Wow, a wall hanger without a doubt


----------



## KrazyFish (Feb 25, 2008)

All I can say is WOOOOOOOOOOOOOOOOOOOOOOOW !!!!!!!
Congrats,
BTW, I am familiar with that place, where is that? (background)


----------



## HonkyFin (May 28, 2004)

Thats a Saddle blanket for sure.
Maybe this will get that contest going that you were talking about.
Congrats.


----------



## MsAddicted (Jan 25, 2005)

Dude! Wow, thats awesome and a wall hanger for sure!


----------



## Captain Dave (Jul 19, 2006)

Congrats ! What bay system ? I am on a quest looking for her mama...



Alco said:


> 9.2 Flounder caught on 11-26-08 using atrificials. I weighted the fish an hour and half after I caught it. Picture taken with my cell so it's not the best.


----------



## phishyfotos (May 6, 2008)

Is that UTMB in the back ground?


----------



## Red Tuna (May 19, 2007)

Nice fish!


----------



## Captain Dave (Jul 19, 2006)

WOW... Maybe just a pic spot..



phishyfotos said:


> Is that UTMB in the back ground?


----------



## capt mullet (Nov 15, 2008)

No doubt that you should mount it!!! That is a once in a lifetime fish there! Awesome!


----------



## kayak07 (Nov 5, 2008)

what a stunner cracking fish mate well done


----------



## poc-ed (Oct 15, 2007)

wow that is awesome, yeah, i would have it mounted. get the measurements and good closeup pics and then eat it. and you still have the replica which imo will last longer than skin mount.

poc-ed


----------



## Alco (Sep 3, 2008)

FishinGrl said:


> awww PETE! Billy told me about this! i was like DANNNGGGGG!!!!!!! Congrats!!!!!
> 
> oh and im supposed to put that bow in your hands!!!!! lol


Hey Vallory,

Thanks, I've been fishing so much this month that deer hunting has not even been an option. Hopefully I'll be going in about two weeks - Maybe.
Tell Billy to get my bow ready....lol


----------



## troy merrill (May 21, 2004)

Get a replica made AND eat it the real fish.


----------



## Harbormaster (May 26, 2000)

Good fish! 

That is the same size as the one that used to hang in the old Strykers Restaurant! 'bout 4" thick!
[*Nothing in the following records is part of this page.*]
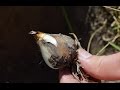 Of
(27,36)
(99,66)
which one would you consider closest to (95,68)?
(99,66)

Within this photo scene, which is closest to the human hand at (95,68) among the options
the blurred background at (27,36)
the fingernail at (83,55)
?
the fingernail at (83,55)

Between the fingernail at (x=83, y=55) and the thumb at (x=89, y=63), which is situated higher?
the fingernail at (x=83, y=55)

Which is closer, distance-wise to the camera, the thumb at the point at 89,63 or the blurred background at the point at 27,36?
the thumb at the point at 89,63

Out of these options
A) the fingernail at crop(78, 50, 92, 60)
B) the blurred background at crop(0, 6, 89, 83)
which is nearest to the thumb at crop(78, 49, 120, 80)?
the fingernail at crop(78, 50, 92, 60)

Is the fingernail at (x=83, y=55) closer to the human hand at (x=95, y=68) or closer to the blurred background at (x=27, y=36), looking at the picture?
the human hand at (x=95, y=68)

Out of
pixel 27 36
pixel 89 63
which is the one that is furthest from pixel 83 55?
pixel 27 36

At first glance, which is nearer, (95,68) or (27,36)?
(95,68)

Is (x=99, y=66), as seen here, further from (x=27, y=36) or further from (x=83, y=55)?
(x=27, y=36) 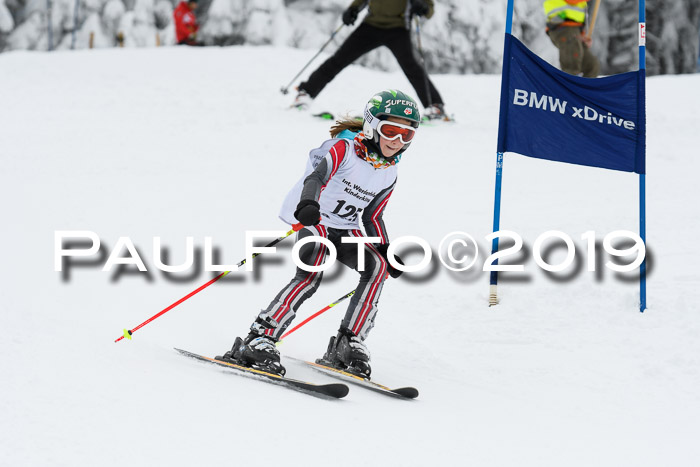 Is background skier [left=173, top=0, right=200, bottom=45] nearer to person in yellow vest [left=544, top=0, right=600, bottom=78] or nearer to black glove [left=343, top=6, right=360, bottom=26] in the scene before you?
black glove [left=343, top=6, right=360, bottom=26]

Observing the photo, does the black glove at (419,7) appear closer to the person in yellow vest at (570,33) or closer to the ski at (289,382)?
the person in yellow vest at (570,33)

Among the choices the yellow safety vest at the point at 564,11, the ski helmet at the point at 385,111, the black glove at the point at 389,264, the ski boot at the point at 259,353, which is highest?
the yellow safety vest at the point at 564,11

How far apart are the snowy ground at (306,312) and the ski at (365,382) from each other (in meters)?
0.06

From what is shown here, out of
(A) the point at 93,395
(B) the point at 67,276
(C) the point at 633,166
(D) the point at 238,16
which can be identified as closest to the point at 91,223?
(B) the point at 67,276

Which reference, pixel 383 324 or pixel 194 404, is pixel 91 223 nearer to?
pixel 383 324

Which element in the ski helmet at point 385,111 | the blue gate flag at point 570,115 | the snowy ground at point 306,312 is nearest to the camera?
the snowy ground at point 306,312

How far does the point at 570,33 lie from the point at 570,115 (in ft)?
17.8

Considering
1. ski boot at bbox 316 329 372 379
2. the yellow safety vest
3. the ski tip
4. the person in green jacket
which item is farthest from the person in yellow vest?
ski boot at bbox 316 329 372 379

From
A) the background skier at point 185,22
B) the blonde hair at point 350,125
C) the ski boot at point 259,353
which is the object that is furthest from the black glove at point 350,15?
the background skier at point 185,22

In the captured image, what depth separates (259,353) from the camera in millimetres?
4082

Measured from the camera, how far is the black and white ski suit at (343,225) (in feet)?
13.8

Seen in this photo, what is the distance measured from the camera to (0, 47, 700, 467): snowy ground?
3.16 m

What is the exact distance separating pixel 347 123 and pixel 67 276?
238 cm

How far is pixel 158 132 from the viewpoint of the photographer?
9789 millimetres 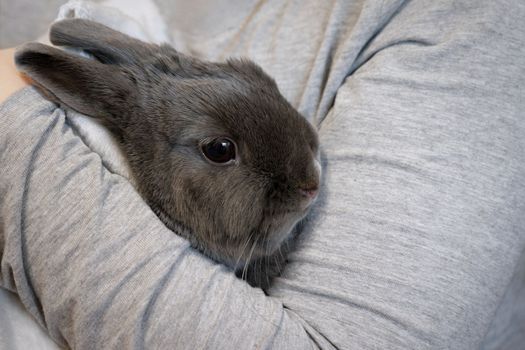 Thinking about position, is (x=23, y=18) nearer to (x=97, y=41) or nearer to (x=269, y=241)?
(x=97, y=41)

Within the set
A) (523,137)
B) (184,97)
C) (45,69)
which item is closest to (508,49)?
(523,137)

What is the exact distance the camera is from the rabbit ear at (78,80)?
920mm

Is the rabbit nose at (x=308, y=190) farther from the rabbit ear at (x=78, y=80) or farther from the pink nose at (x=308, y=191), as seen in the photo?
the rabbit ear at (x=78, y=80)

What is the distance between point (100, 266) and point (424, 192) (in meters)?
0.70

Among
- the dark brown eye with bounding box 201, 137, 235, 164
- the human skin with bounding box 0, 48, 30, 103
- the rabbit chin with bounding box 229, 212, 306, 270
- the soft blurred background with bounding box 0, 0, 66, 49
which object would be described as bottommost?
the rabbit chin with bounding box 229, 212, 306, 270

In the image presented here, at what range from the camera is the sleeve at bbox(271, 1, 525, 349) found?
868 mm

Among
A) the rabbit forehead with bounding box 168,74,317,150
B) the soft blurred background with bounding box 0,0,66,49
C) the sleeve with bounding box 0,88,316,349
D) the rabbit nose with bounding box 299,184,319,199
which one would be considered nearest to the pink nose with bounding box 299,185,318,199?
the rabbit nose with bounding box 299,184,319,199

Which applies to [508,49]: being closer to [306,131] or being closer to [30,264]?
[306,131]

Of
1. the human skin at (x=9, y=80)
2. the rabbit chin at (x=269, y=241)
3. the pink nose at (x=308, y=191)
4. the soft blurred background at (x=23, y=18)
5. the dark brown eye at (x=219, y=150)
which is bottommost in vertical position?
the rabbit chin at (x=269, y=241)

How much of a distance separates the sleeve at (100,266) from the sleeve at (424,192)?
147 millimetres

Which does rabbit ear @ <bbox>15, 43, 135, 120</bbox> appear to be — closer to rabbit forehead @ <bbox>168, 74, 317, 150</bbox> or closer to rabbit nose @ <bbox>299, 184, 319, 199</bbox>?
rabbit forehead @ <bbox>168, 74, 317, 150</bbox>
Definately mount....you owe it to the fish!


----------



## Alco (Sep 3, 2008)

Harbormaster

You convinced me, I will have it mounted -It's in my Bro freezer right now. Your right " I owe it to the fish". Thanks, later.


----------



## great white fisherman (Jun 24, 2008)

Like said, get good pictures, take all the measurements etc. Have a replica made. They are better than the real fish anyhow. Enjoy eating the fish, best of both worlds. 
Nice trophy for sure, wonder how old that fish was?


----------



## Snaggledtoothfreckelfish (Jul 26, 2008)

Nice catch what kind of lures where you throwing at that thing...


----------



## Alco (Sep 3, 2008)

oceankayaker84 said:


> Now there's a saddle blanket! Did you take a measurement of her?
> 
> Good job.


I will post the fish measurements when I take it to the taxidermist.


----------



## Alco (Sep 3, 2008)

Snaggledtoothfreckelfish said:


> Nice catch what kind of lures where you throwing at that thing...


I was using Gulp 4" shrimp with a strip of crime scene tape. If you haven't tried em, you need to. Later


----------



## oceankayaker84 (Dec 16, 2007)

*Shhh!*



Alco said:


> I was using Gulp 4" shrimp *with a strip of crime scene tape*. If you haven't tried em, you need to. Later


Shhh! You're giving away all my secrets!:biggrin: lol, j/k.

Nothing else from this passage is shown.